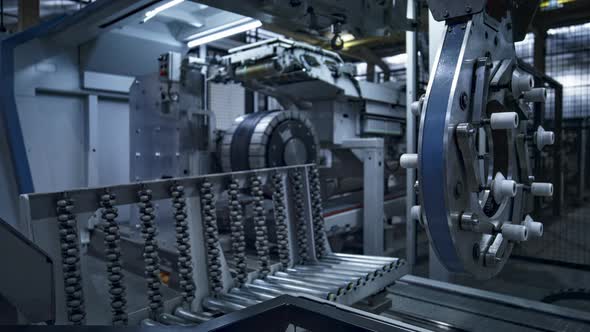 Tire Factory Employee Working with Modern Industrial Machine Taking Production alt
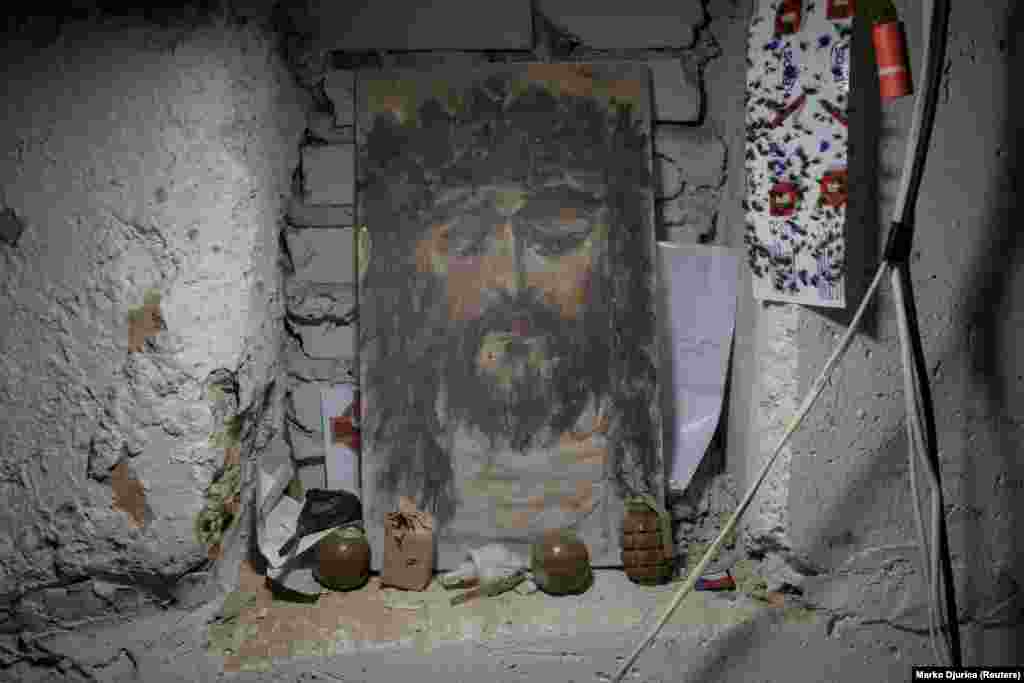 Христостун cүрөтүнүн алдында коюлган гранаталар.&nbsp; Харьков облусундагы фронттогу &quot;Карпатская Сечь&quot; батальонунун алдыңкы операциялык базасы.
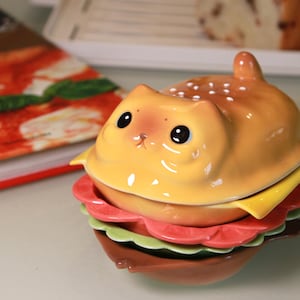May include: A novelty ceramic cat-shaped burger. The top bun is yellow-brown with white dots, the cheese is yellow, and the lettuce and tomato are green and red. The burger is on a reflective surface.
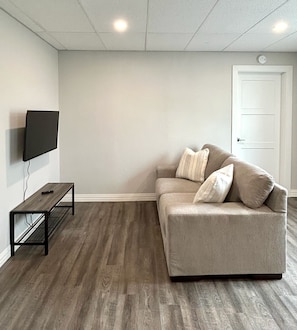 A room with a grey sofa, a flat-screen TV mounted on the wall, a small black table, and a white door.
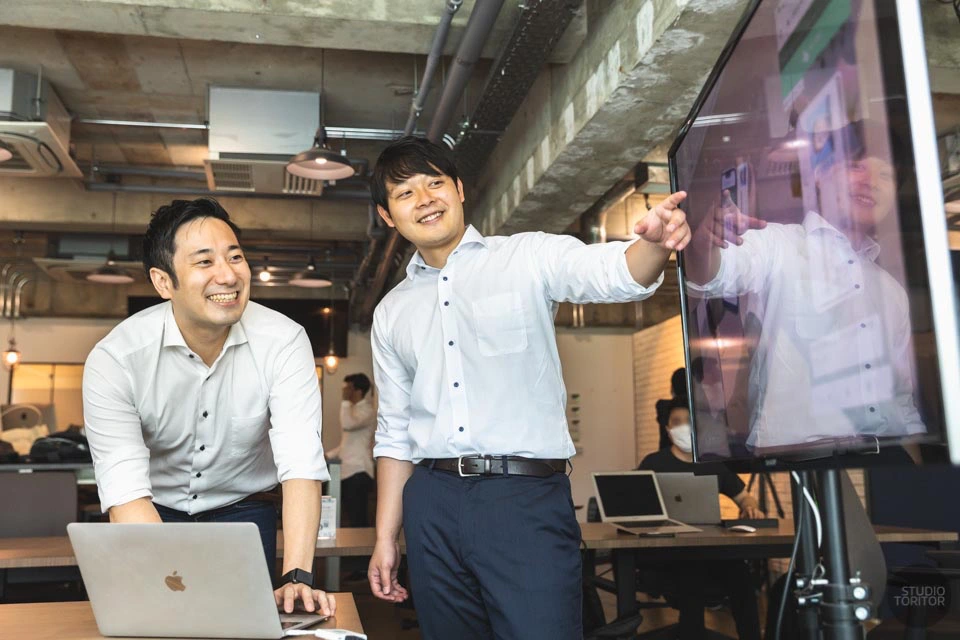 IT企業の撮影事例：大型モニター前で打ち合わせを行う社員（ホームページ用の業務・社風写真）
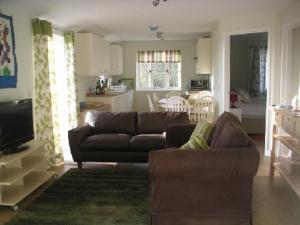 a living room with a couch and a kitchen at Cools Farm B&B + Cottages in East Knoyle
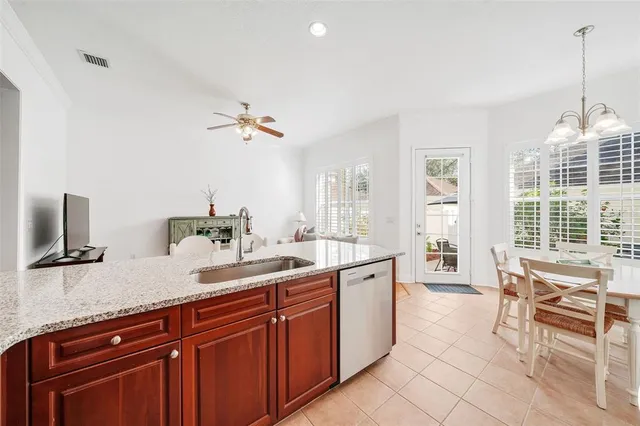 a spacious bathroom with a double vanity sink a mirror and a bathtub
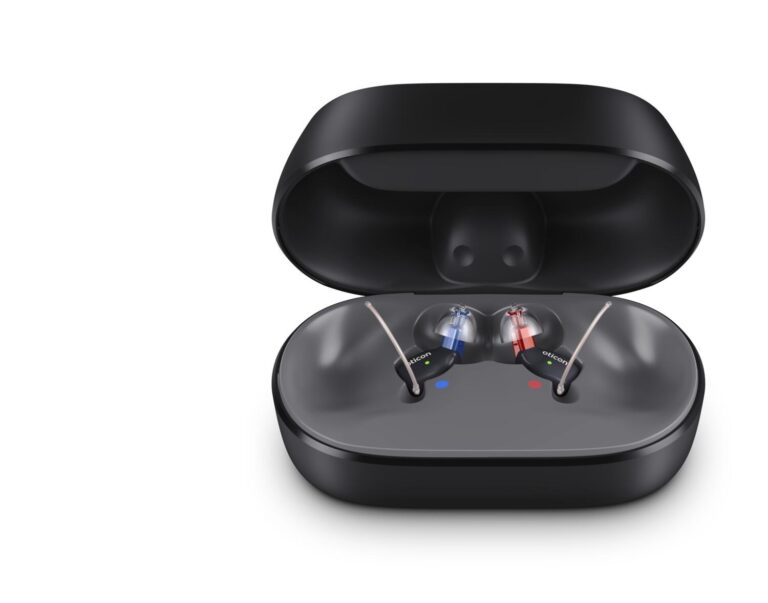 Oticon Zeal nxtCIC hearing aids in charging case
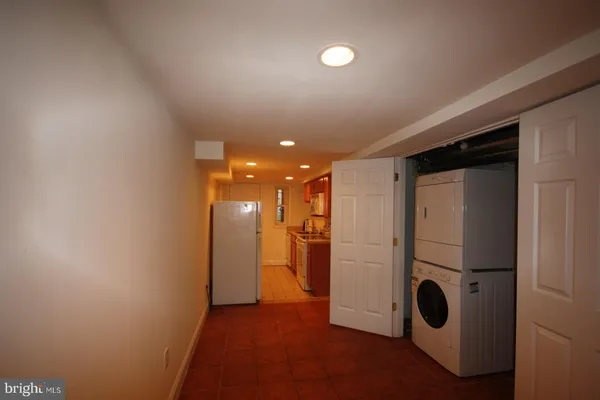 a kitchen with kitchen island granite countertop cabinets and refrigerator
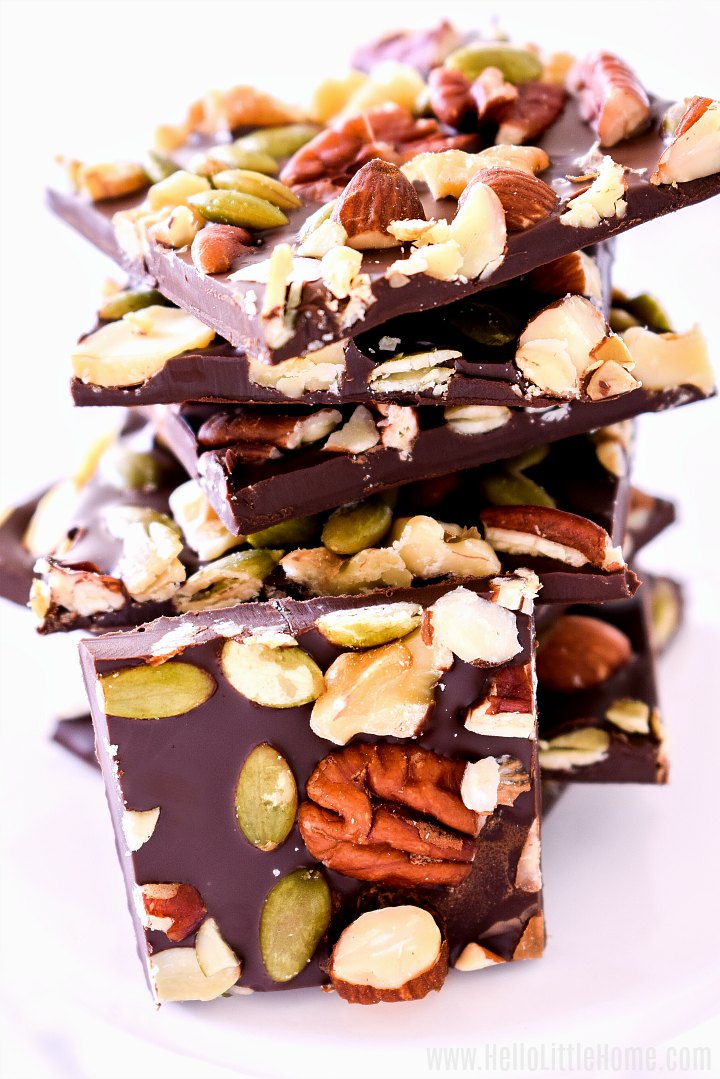 A stack of Dark Chocolate Bark with mixed nuts on a white pedestal.
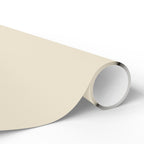 Christmas Wrapping Paper featuring solid cream gift wrap made to coordinate with holiday decorations.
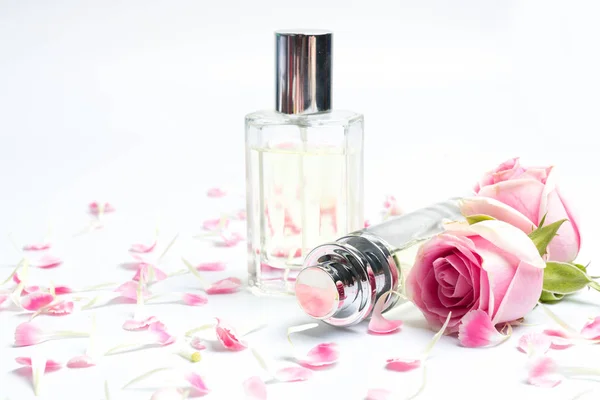 Parfümflaschen und Rose auf weißem Hintergrund — Stockfoto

= = = = =

_Requirement:_
Transcribe word for word only the lines from the one with "a living room" through the end of the listing; every picture is to be omitted.

_Response below:_
 a living room with a couch and a kitchen at Cools Farm B&B + Cottages in East Knoyle
 a spacious bathroom with a double vanity sink a mirror and a bathtub
 Oticon Zeal nxtCIC hearing aids in charging case
 a kitchen with kitchen island granite countertop cabinets and refrigerator
 A stack of Dark Chocolate Bark with mixed nuts on a white pedestal.
 Christmas Wrapping Paper featuring solid cream gift wrap made to coordinate with holiday decorations.
 Parfümflaschen und Rose auf weißem Hintergrund — Stockfoto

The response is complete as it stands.